La delusione dell’Ue

L’organo esecutivo comunitario sottolinea però che non tutti si sono dati da fare allo stesso modo o hanno fornito dati utili o sufficienti per capire l’efficacia di questo strumento o delle politiche messe in atto. Facebook, per esempio, scrive di aver rimosso circa 600mila post pubblicitari nell’Ue che violavano la sua policy sia a marzo che ad aprile di quest’anno, ma non indica dati relativi agli altri mesi. Twitter, invece, documenta anche i suoi sforzi in tema di contrasto a pratiche di business illecite che non hanno nulla a che fare con la disinformazione.

Inoltre, la collaborazione delle società della Silicon Valley varia da azienda ad azienda, da stato membro a stato membro: alcune delle azioni che sono state intraprese non corrispondono alle aspettative, alcune compagnie continuano a vendere “attività legate ad account fake e la disinformazione resta tuttora un enorme problema, che ha condizionato anche le elezioni europee. “Non possiamo accettare questa situazione come se fosse la nuova normalità”, si legge in una nota congiunta dei commissari Věra Jourová, Julian King e Mariya Gabriel. “Le piattaforme online devono istituire una collaborazione significativa con una gamma più ampia di organizzazioni indipendenti e fidate. L’accesso attuale ai dati non corrisponde ai bisogni di ricercatori indipendenti”.

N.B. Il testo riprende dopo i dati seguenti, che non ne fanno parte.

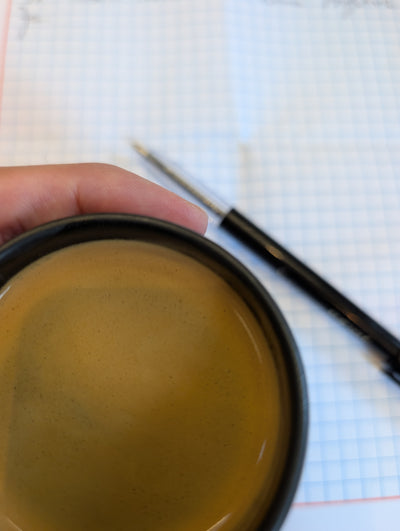 A creamy cup of Espresso with a pen and paper in the background - coffee as a ritual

In un’intervista al Guardian, King ha ammesso che la strada da fare è ancora molto lunga. “Se una piattaforma come Facebook con le sue risorse non riesce a capire che migliaia di account coordinati con nomi composti da due lettere sono sospetti e coinvolti in questo tipo di attività [di disinformazione] nel contesto delle elezioni, quando abbiamo concentrato tutti i nostri sforzi in questo settore, c’è ancora parecchio da fare”.